Hiné Mizushima, who was born and raised in Japan, majored in Japanese traditional painting before working as a designer and Illustrator in Tokyo. She later moved to Rome, then Paris, and then NYC. Seventeen years ago she left Brooklyn for Vancouver, Canada where she lives with her family. She is currently a fibre craft artist.
She has been commissioned for many commercial music videos for the NYC rock band, They Might Be Giants. Her soft sculptures have been exhibited in galleries in the USA, Australia, and Japan featured in many books and magazines (including UPPERCASE) and commissioned by Adobe Creative Cloud, The New York Times, and CBC Arts. Hiné has also made miniature collages for Japanese book covers.
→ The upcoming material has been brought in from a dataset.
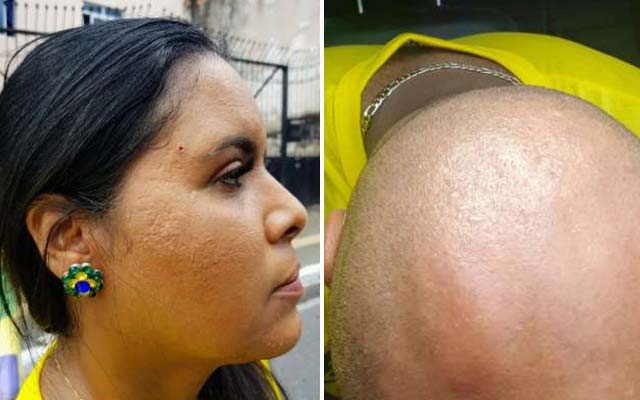 Apoiadores de Bolsonaro são agredidos por membros da esquerda em Salvador; vídeo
She recently began working in original Kogin (traditional Japanese hand embroidery) and punch needle for illustrations, brooches, and music videos.
She sells her art at gallery exhibitions, and on her Etsy shop. Her next solo show will be in the fall of 2023, in Tokyo.
I usually make several pieces at the same time for exhibitions.
After I decide the theme, I draw a very simple rough sketch and don’t decide on the details before I start the soft sculpture.
Colour combinations are important and help orient me in the early stages of creating a piece. I also love to incorporate many different materials into my work, such as felt, yarn, wool fibre, beads, trim, wood, etc.
In the first process, I make the main part (e.g. octopus, squid, anatomical heart, etc), for each piece, then I make the sub parts (little creatures, plants) separately, and then temporary assemble these with sewing pins, before letting it ‘sleep' for a while (it is about 60% complete at this point). Then I start a second piece, and repeat, and third...
In the second process, I start adding more details to each piece, like embroidery, beads, interesting materials, etc. Some very good ideas and details always come out automatically while I am hand-sewing and assembling, especially at the very end of the process, which often takes me beyond my original idea. Then again I let it ‘sleep’ for a while (it is about 90% complete at this point)
In the third process, finally, I carefully watch the balance of each piece and the pose of the creature, assemble all the parts together with glue and thread. No room for mistakes!